● Records provided

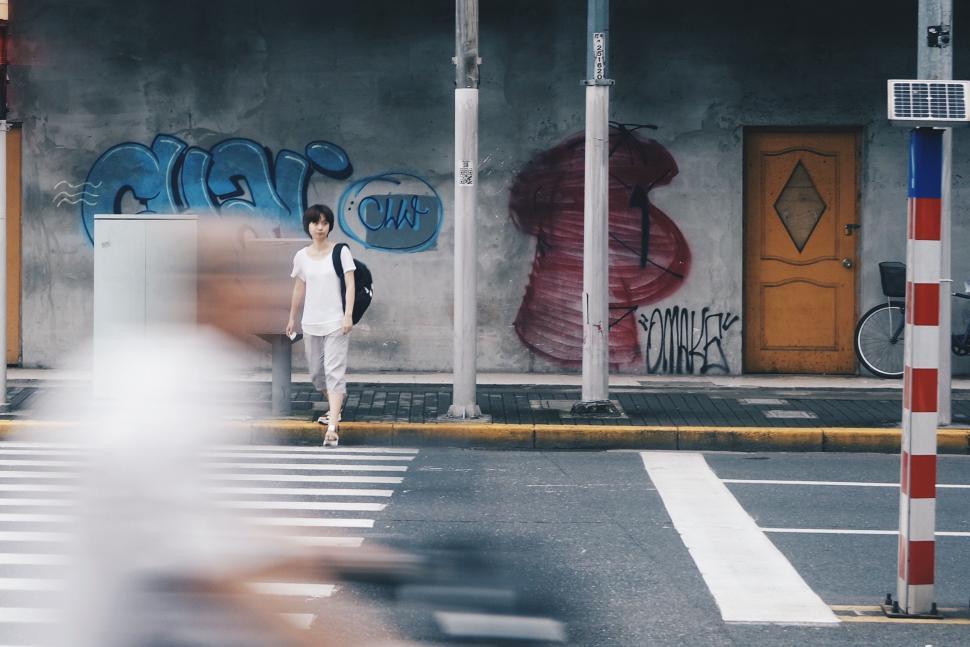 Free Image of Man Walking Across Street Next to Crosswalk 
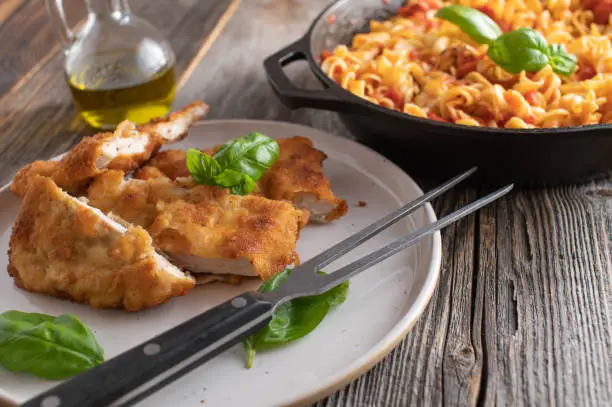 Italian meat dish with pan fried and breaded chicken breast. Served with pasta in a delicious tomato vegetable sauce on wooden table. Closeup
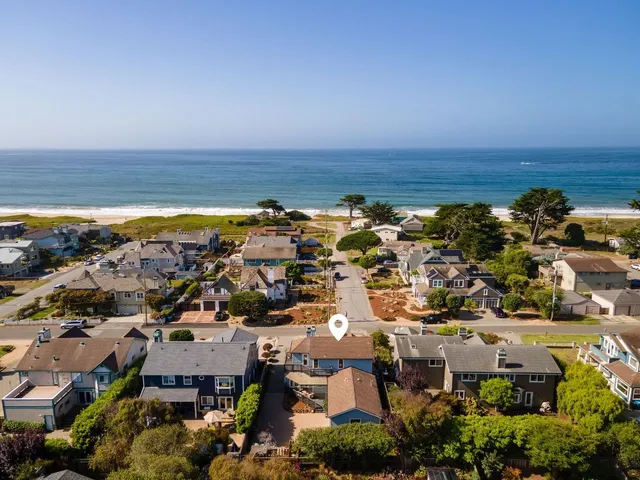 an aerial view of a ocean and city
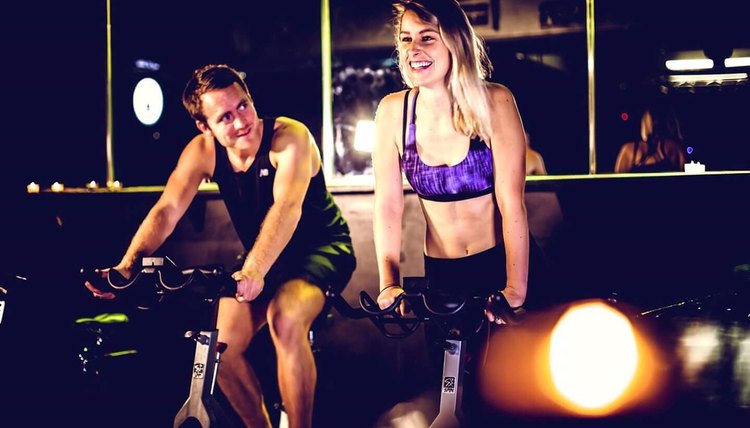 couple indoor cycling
==
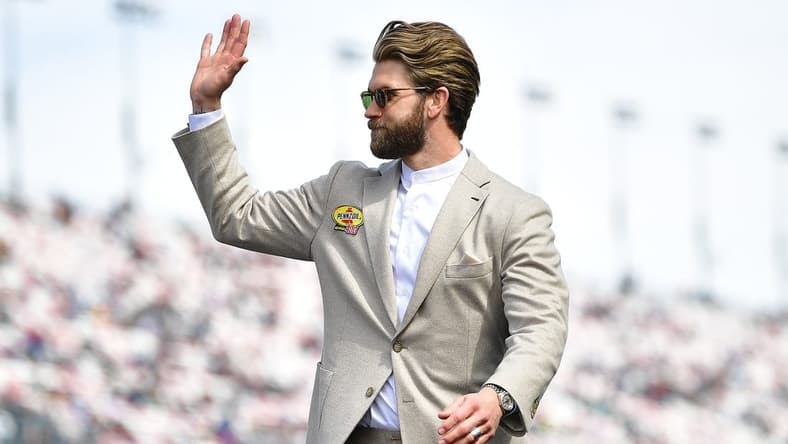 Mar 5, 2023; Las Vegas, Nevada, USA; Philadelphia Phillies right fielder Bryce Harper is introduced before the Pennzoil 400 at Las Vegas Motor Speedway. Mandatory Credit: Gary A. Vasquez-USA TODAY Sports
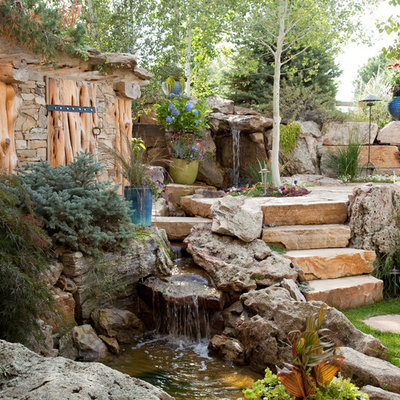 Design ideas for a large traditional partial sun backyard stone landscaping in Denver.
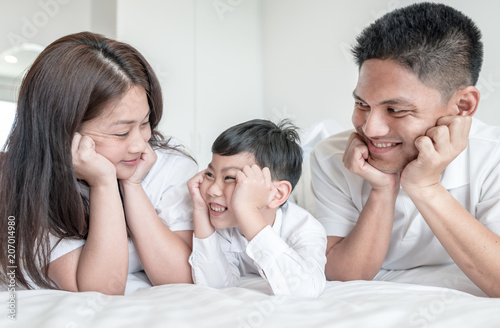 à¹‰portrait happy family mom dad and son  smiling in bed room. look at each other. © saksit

● What to work on
Every line above between the one containing "Italian meat dish" and the one containing "couple indoor cycling", those two included, is to be printed exactly. No pictures go into the copy.

● The completed task
 Italian meat dish with pan fried and breaded chicken breast. Served with pasta in a delicious tomato vegetable sauce on wooden table. Closeup
 an aerial view of a ocean and city
 couple indoor cycling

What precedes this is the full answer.